Well, the first thing to make clear, I think, is that we are not being asked to hate ourselves, but rather our lives in this world. But perhaps this merely kicks the can down the road, as it were. Because we are then forced to wonder in what way are we ourselves, and our lives in this world, able to be separated?
Surely, hating our lives is no different from hating ourselves. Our life in this world is all we’ve got, after all.
I want to suggest two ways in which we might be able to think and talk about ‘hating our lives in this world’ which do not mean that we must end up hating ourselves.
And this is important, because hating ourselves is not a good thing!
The second part of the great commandment, that commandment on which, Jesus told us, hang all the law and the prophets, is that we should love our neighbours as ourselves.
This is a truly profound insight into the nature of what human beings are like. If we hate ourselves, we will inevitably end up hating our neighbours as well. We cannot love our neighbours if we do not first love ourselves.
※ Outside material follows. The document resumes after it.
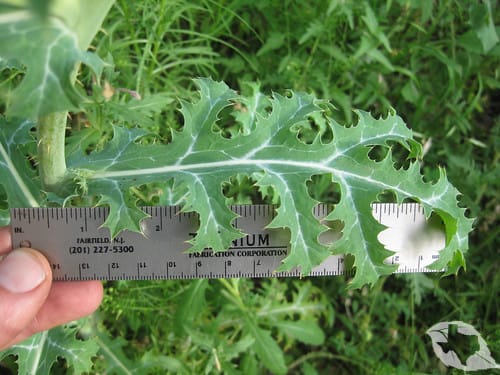 mimic of Thistle - Milk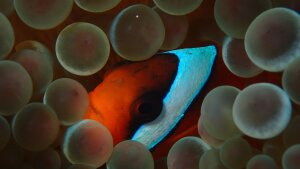 Tomato clownfish, like the one seen here nestled in a sea anemone, lose all but one of their white stripes (the head bar) as they grow up.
So, let me repeat the question.
How can we hate our lives, without hating ourselves?
The first of my two possible answers grows directly out of today’s gospel reading. But in order to see it, we have to understand something about the context in which Jesus was speaking.
Jesus has arrived in Jerusalem for the feast of the Passover. This is the high point of the year for Jewish believers, and our gospel reading today opens with the request of “some Greeks” to see Jesus.
But these are Greeks who, although not Hebrews, are religious Jews in the sense that they follow the Jewish religion, and that is why they have also come to Jerusalem for the festival.
And so Jesus is talking to “the Jews” when he speaks about losing the life that we love.
And the life that the Jews in general, and the scribes and the Pharisees in particular, loved so much was their life as Jews, their laws as handed to them by Moses, their traditions, and their conviction that they were special.
The chosen people of God. Exclusive. Pure. Unique.
And suddenly, here is the man who claims to be the pinnacle of Jewish history, the one they have been anticipating all these years. The Messiah.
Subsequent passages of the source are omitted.